It's a so-called "Hallmark holiday," beleaguered by consumerism and guilt-buying. It's the reason why shelves are full of icky #1 Mom mugs, bad chocolate, overpriced cards, and other detritus that ends up overflowing landfills. Its founder, Anna Jarvis, essentially disowned it.
Before I had kids, I called my mother and told her I loved her. Maybe sent flowers. That was about it. No big fuss, and no guilt. It was a Hallmark holiday, after all.
But now, as a mom of three, I must confess that I love Mother's Day. Here's why:
1. Secrets. All that whispering between my daughters and their dad leading up to the big day was pure joy. These girls love a secret, and they especially love having a secret from me. Bless them.
2. Self-directed art projects. Gotta love those awesome cards and posters...how sweet, right? You know they won't be doing that anymore in only a few years' time. But best of all, it took them many nagging-and-boredom-free minutes to make them (secretly and quietly in their rooms). What mom doesn't love that?
3. Peace and quiet. Josh took all three kids out to buy the ingredients for brunch, and then to his parents' to cook it, leaving me ALL ALONE for almost two hours. I took a shower, without having to stick my head out three times to negotiate with a child. I got dressed, without any visitors. I left the house and walked in the sunshine to a nail salon, where someone soaked and rubbed my feet and put purple polish (aptly named "playdate") on my toes. Yes, my family knows how to pamper a mom.
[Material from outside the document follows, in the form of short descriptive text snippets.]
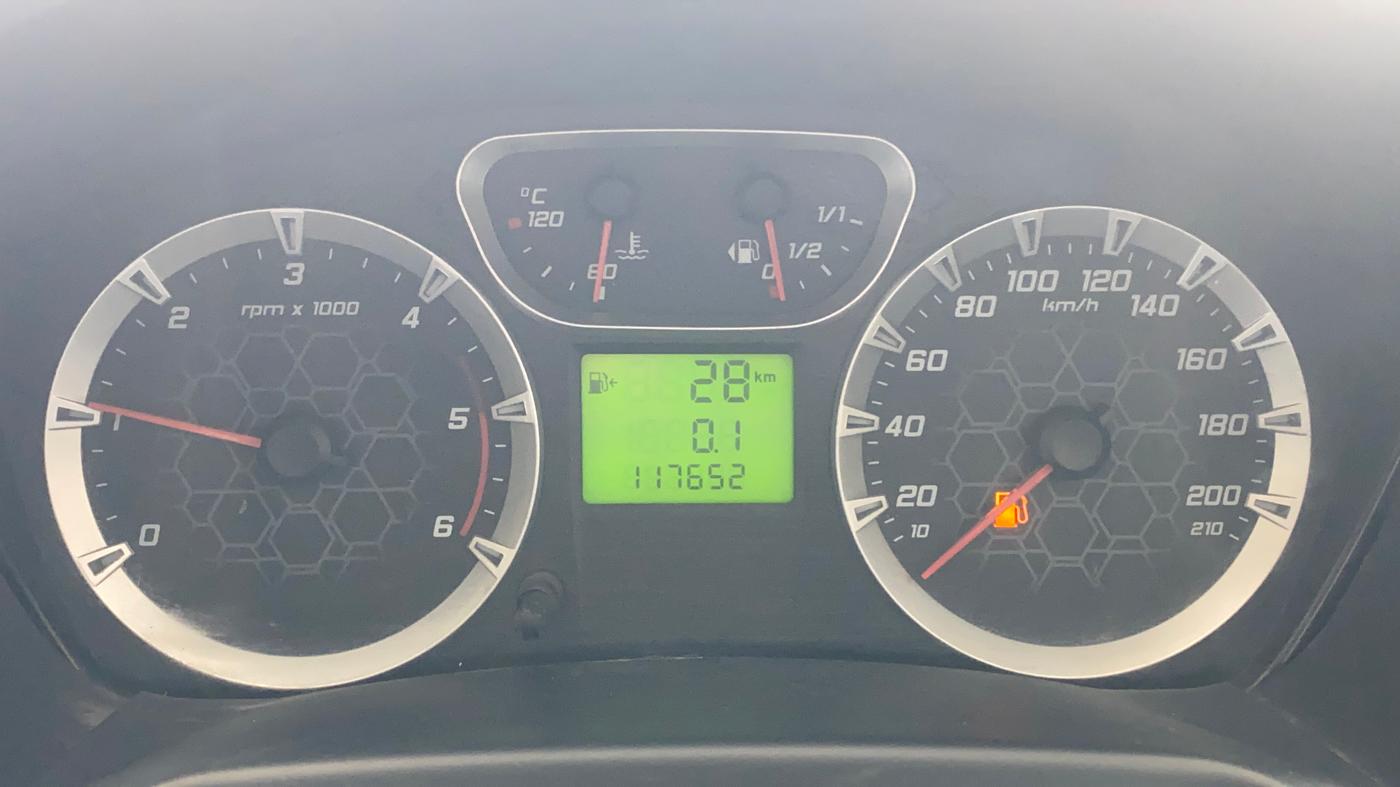 2012 Ford Classic 1.4 TITANIUM DIESEL, Diesel, Manual, 1,17,674 km, Odometer Image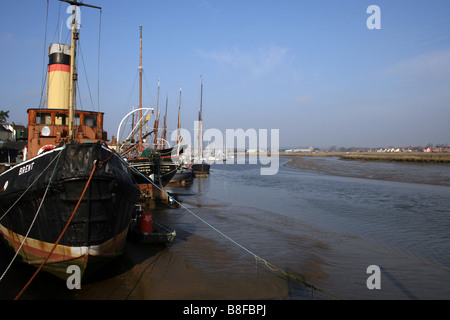 HISTORISCHE SCHIFFE VERTÄUT AM KAI HYTHE. MALDON, ESSEX. VEREINIGTES KÖNIGREICH. Stockfoto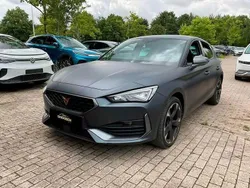 Cinzento Usado 2022 Cupra Leon Citadino | € 23.990
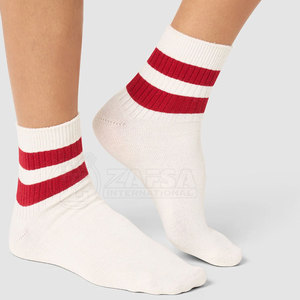 Chaussettes de tennis personnalisées avec logo, séchage rapide et respirantes, pour la vente en gros - Product Image 2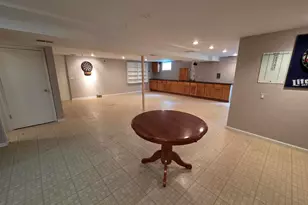 180 Farmgate Dr, Schaumburg, IL 60193 - Photo 21
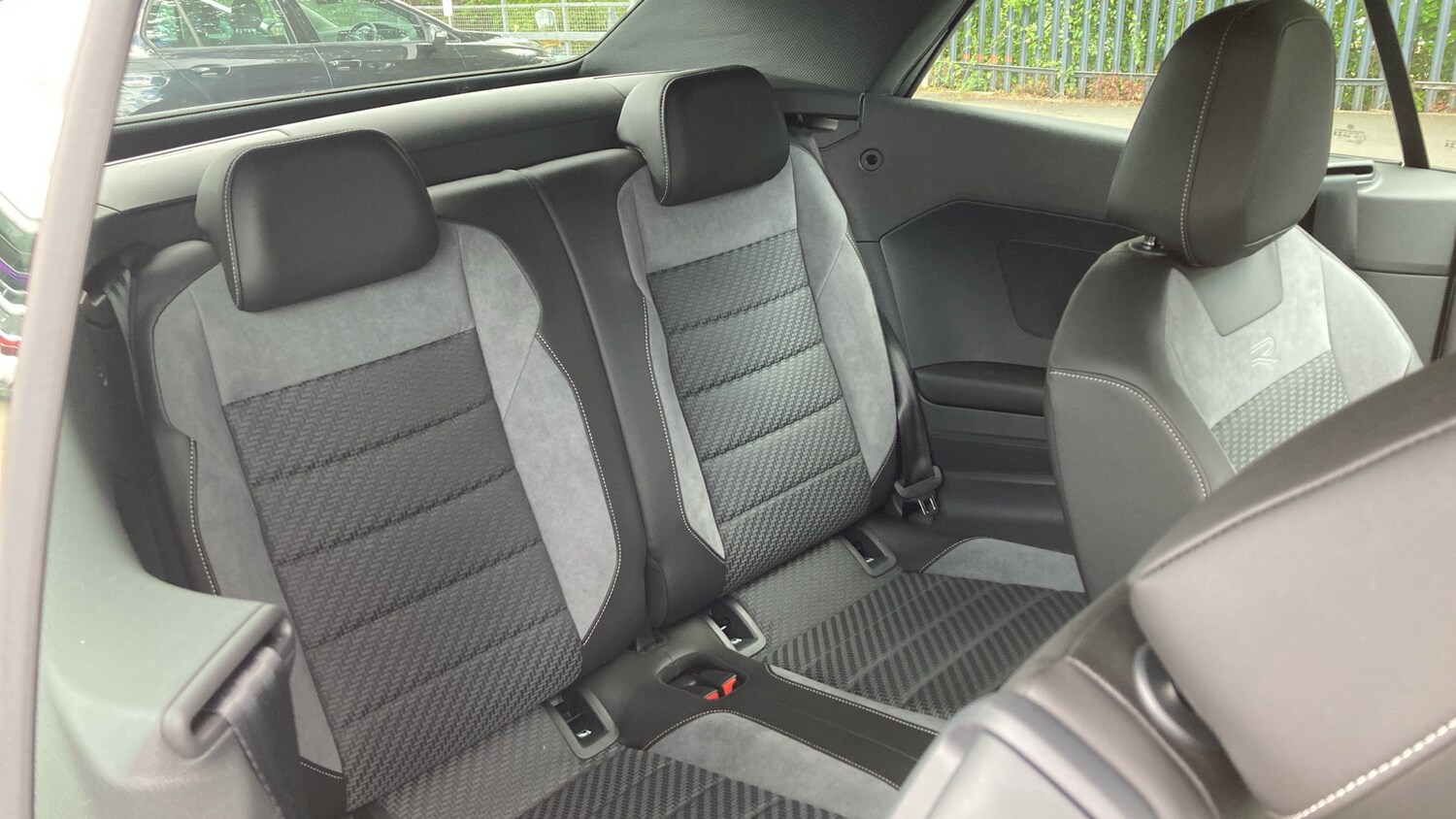 Used Volkswagen T-Roc 2025 for sale - 76075746: Photo 16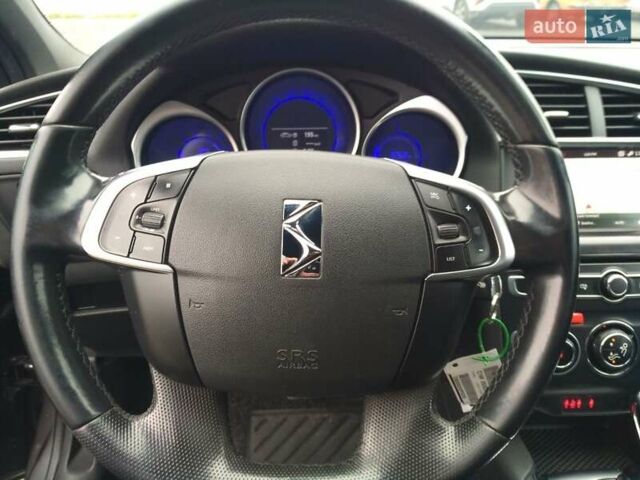 Серый DS 4 Crossback, объемом двигателя 1.6 л и пробегом 161 тыс. км за 14500 $, фото 19 на Automoto.ua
4. Brunch. My mishpacha put together a meal of egg and whitefish salad, smoked salmon, potatoes (by Bella), arugula-walnut-parmigiano salad (with the most delicious dressing by Aunt Nina), and a beautiful fruit salad with mango, peaches, and pomegranate seeeds (by Ruby). They made sure I had a cup of coffee in my hand, without having to get up to fetch it. When the meal was over, they snapped at me for trying to help clean up. Wow.
5. Cooperation. For some reason, my instructions carry more weight on this day. The kids listen because it's against the understood rules to argue or disobey with me on Mother's Day. (Well, the big kids did. The two-year-old had better get with the program for next year.) Admittedly, it stinks that this isn't the case every day. But hey, I'll take it.
6. Love and appreciation. You'll notice there are no gifts on this list. I didn't get any, and I didn't want any. What I like most about Mother's Day is that my kids were reminded to appreciate me, and they did. They know that that it takes a lot to take care of them. I think that knowledge will go a long way to make them good mothers themselves one future day, should motherhood be in their cards.
All in all, I think Anna Jarvis would have approved.
No, there's no need for kids' day, we told the girls yesterday. Because every day is kids' day. Well, today I appreciate my unique and quirky and difficult and loving and wonderful kids--who made me a mother, after all--just a smidgeon more. And their dad, too.